15 Feb, 2010 By: Mike Clark



Street 2/16/10
Lionsgate
Drama
$39.99 Blu-ray
Not rated.
Stars Brigitte Bardot, Michel Piccoli, Jack Palance, Fritz Lang.

Judged alongside its concurrent, also color-rich Blu-ray releases of Akira Kurosawa’s Ran and the original Alec Guinness-Peter Sellers version of The Ladykillers, Studio Canal and distributor Lionsgate appear to be challenging industry-standard Criterion to a game of HORSE when it comes to making arthouse classics look like “opening night.” And from the evidence, they’re not being cheeky in doing so.

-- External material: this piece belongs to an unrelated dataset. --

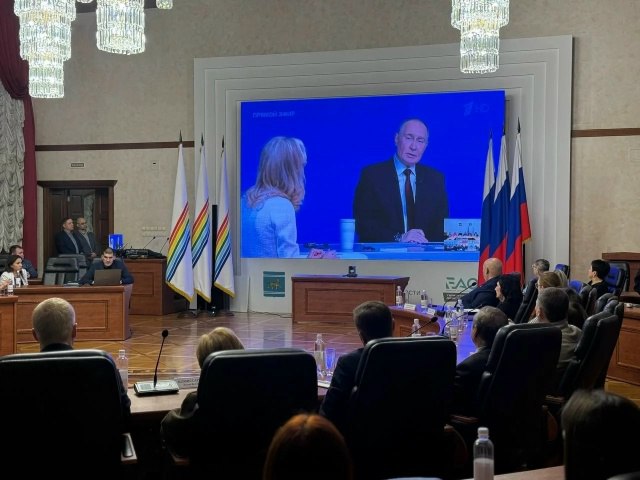 Татьяна Алтухова - о теме СВО в прямой линии Президента Татьяна Алтухова - о теме СВО в прямой линии Президента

Whatever else you think of this unholy alliance between producer Joseph E. Levine and his hugely incompatible director Jean-Luc Godard, movie-savvy Contempt from 1963 is among the most gorgeous-looking European films of the era with its Mediterranean vistas, red convertibles with white-hot wax jobs and, of course, Brigitte Bardot’s bare behind (at the time, also industry-standard), over which Levine famously chastised Godard for not exploiting enough. And the presentation does full justice to a film that used to be seen almost exclusively in ratty revival house prints.

The battle between producers and directors is one of the movie’s themes, as is Homer’s Odyssey (the work we watch being filmed in twisted fashion) and whose narrative particulars get alluded to time and again. Another is the breakup of a marriage for reasons that remain unclear other than that Bardot’s character (married to playwright-turned-screenwriter Piccoli) has simply had it.

The vulgarian producer played by Jack Palance conforms to Godard’s real-life view of Levine: He does Homer “rewrites” and pushes for more nude scenes. Real-life pantheon director Fritz Lang (by then professionally unbankable by the money men Godard so loathed) plays the director here, an artist of integrity who wants to stick to the text. Interestingly (if not surprisingly) in Alberto Moravia’s source novel, it was the director who subverted Homer against a producer who didn’t.

Stately and unsexy, the whole endeavor is amusingly perverse — down to its double-edged title and the short black wig Godard makes the screen era’s No. 1 blonde-goddess (whose acting is very persuasive here) wear for much of the picture.

In terms of movie soul, Contempt remains cutting edge — starting with the prescient plugs it gives to other films (Rio Bravo, Vincente Minnelli’s Some Came Running) that were not so valued at the time. In fact, Michel Piccoli avoids removing his hat in the second half of the picture in homage to the “Bama” character Dean Martin played in the latter.

The disc is jammed with extras. There’s an intro by film professor/historian Colin MacCabe, which packs an amazing amount of historical info into five minutes; and scads of look-backs clocking in at various length — some done at the time, some more recent.